It appeared that Dara Shikoh would be the next emperor but in the war of succession, Aurangzeb getting the support of the Rajputs-notably Rana Raj Singh of Mewar and to some extent Jai Singh Kachhwaha of Amber-defeated Dara and acceded to the throne . There are many debates among historians with reference to Aurangzeb’s religious policy. S.R. Sharma presented statistics of the Hindu Mansabdars (nobles) to demonstrate the view that Aurangzeb deliberately worsened the position of Hindus in the administration . In response to this view, Athar Ali shows by statistics that the percentage of Hindu Mansabdars was 22.5% in Akbar’s reign, but it increased to 31.6% during Aurangzeb’s reign . According to Satish Chandra, it increased to 33% in 1689 . About the re-imposition of Jizyah in 1679 and the demolition of temples, J.N. Sarkar said it was the result of Aurangzeb’s religious bigotry . As far the matter of Jizyah is concerned, Satish Chandra says it marked a deepening political crisis due primarily to the deterioration of the situation in the Deccan. The Rathor war further accentuated it. Another factor in the re-imposition of Jizyah was the growing unemployment among the clerical members . In the matter of the demolition of temples, Zahiruddin Faruqi has justified in the context of political circumstances and necessities. As regards to temples of Banaras, he shows through the differences in dates related to their demolition and the construction of mosques, that all circumstances point to one conclusion that the temples were not demolished due to any general order .

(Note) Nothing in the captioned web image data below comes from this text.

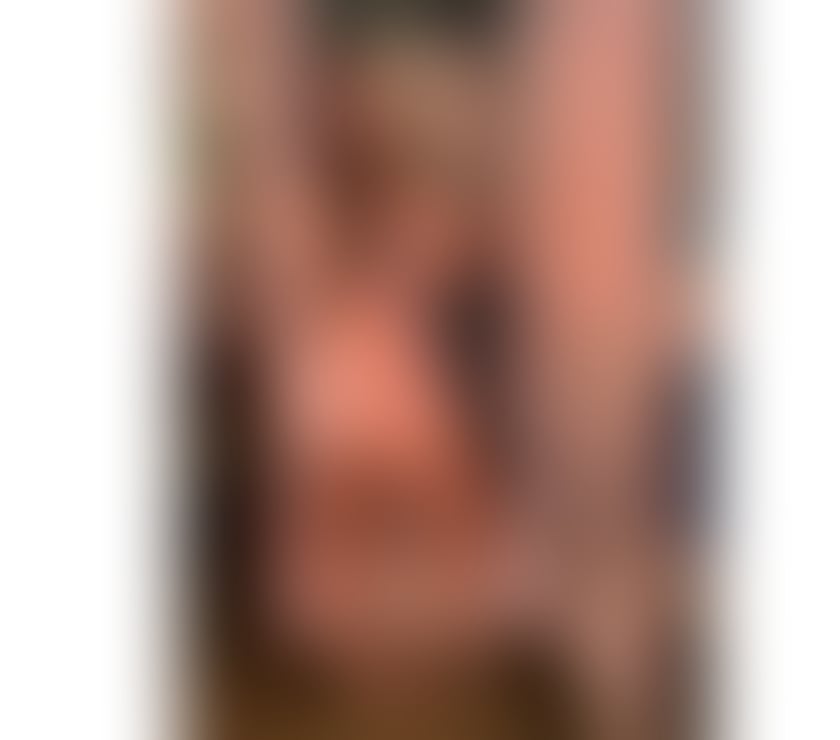 Escorts Peterborough Peterborough City Centre - Peterborough - Photos for BRAZILIAN✨FIRST TIME IN PE2 ✨GFE & KISS ✨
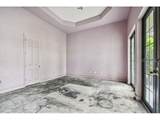 11210 Spring Street - Photo 30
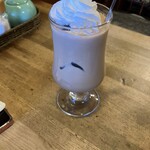 ロペ - 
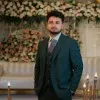 Mohammad Haris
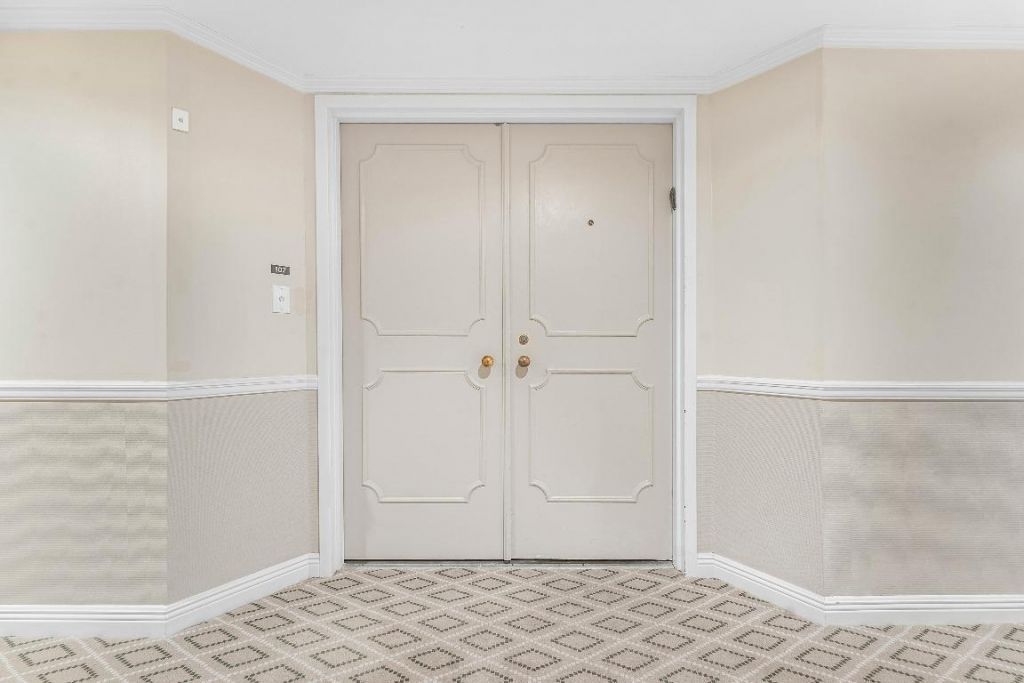 2778 S Ocean Boulevard, Unit 107s, Palm Beach, FL 33480 Photo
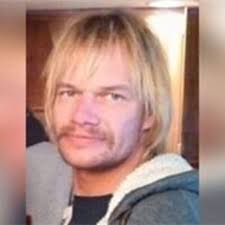 Dennis L. Morlan Kelley Obituary December 20, 2018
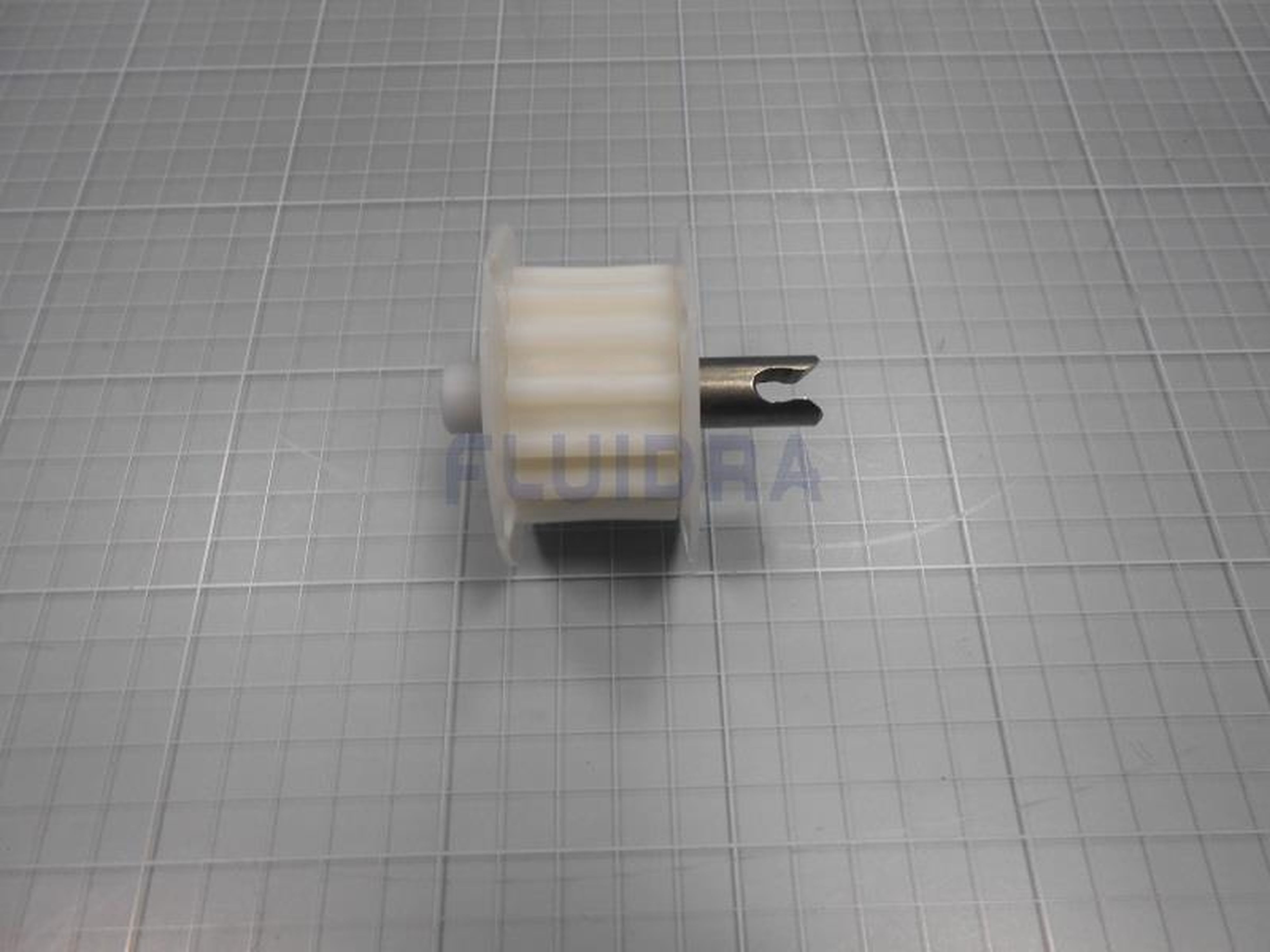 Astralpool - POULIE D ULTRA 250/500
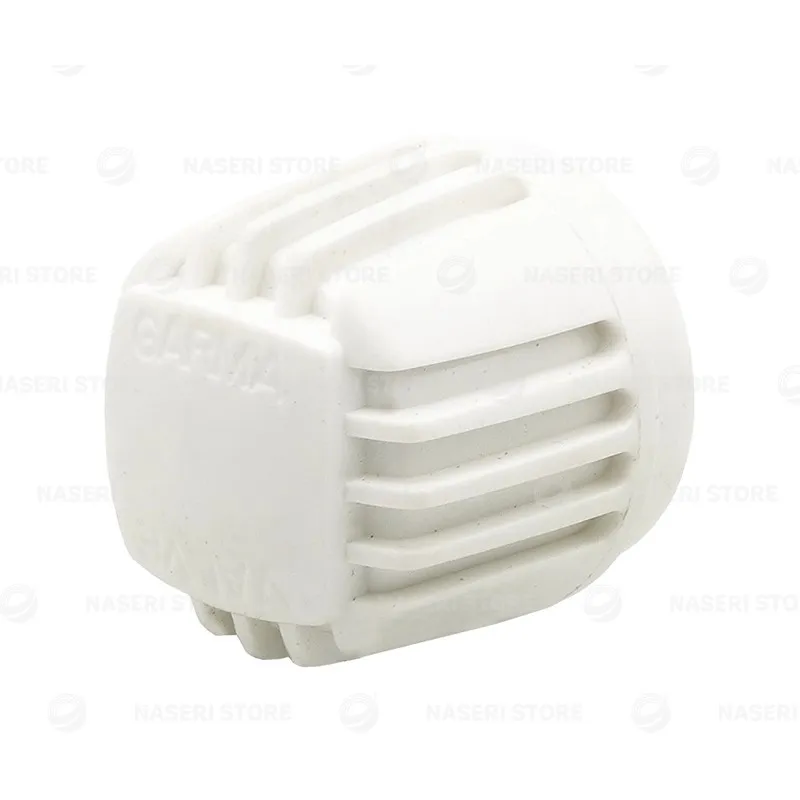 بررسی و خرید درپوش شیر برگشت - فروشگاه ناصری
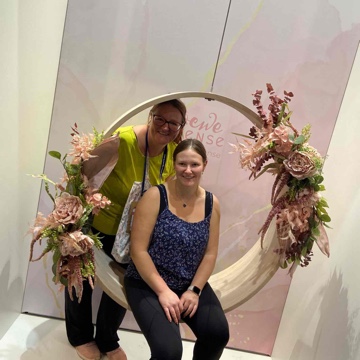 mom_daughter_booklove's profile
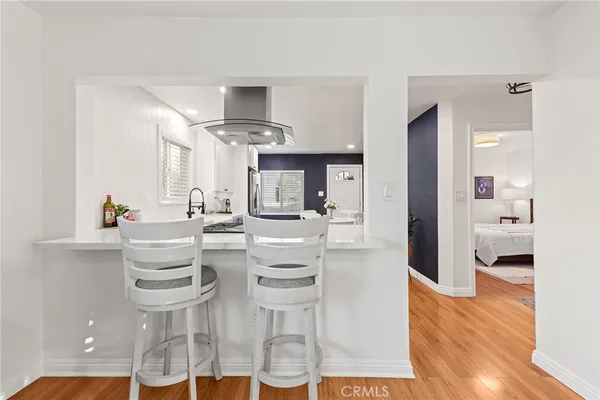 $810,000 | 2109 Cathryn Drive, Rosemead, CA 91770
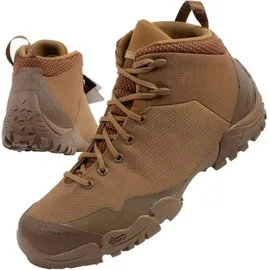 Garmont Garmont, Herren, Wanderschuhe, Herren Nemesis 4.2 Wanderschuhe 41,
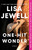 One-Hit Wonder (A Novel) by Lisa Jewell, 9781668203736
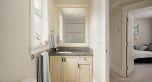 4275 W 14th Avenue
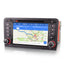 CarPlay Audi A3/S3/RS3 | Android 16 | Android Auto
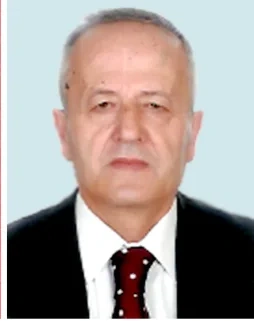 بدوي حنا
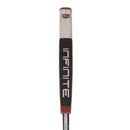 Wilson Infinite Windy City Mens Right Hand Putter 34" Blade - Wilson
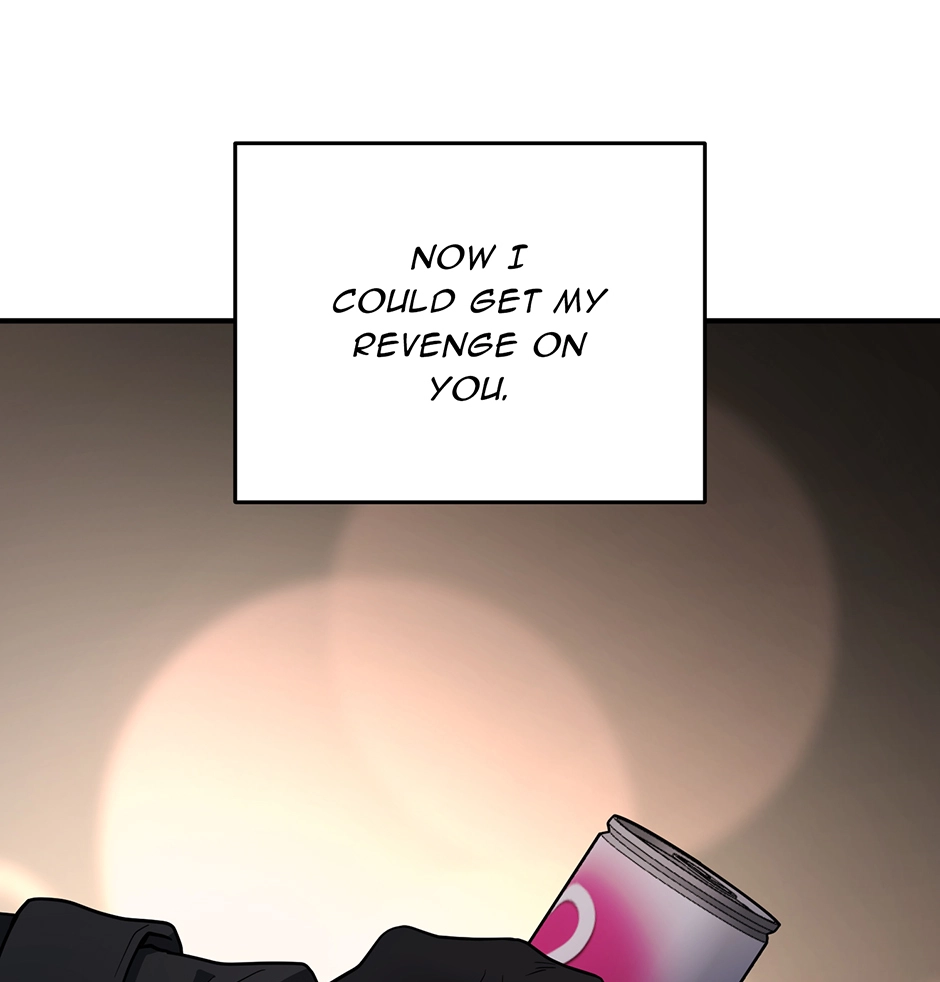 Read Unlocking a Cozy Captivity chapter 33 image 145 on Lezhin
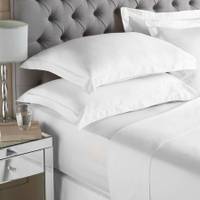 Paoletti Single Fitted Sheets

Here, it may be pertinent to know the ideas of Aurangzeb about religion. We can better understand his view when in reply to a petition requesting the dismissal of non-Muslims from certain posts, he pointed out religion has no concern with secular business and in matters of this kind bigotry should find no place. Further quoting the Quranic text, he says “to you your religion and to me my religion” . So by and large he followed his father’s policy.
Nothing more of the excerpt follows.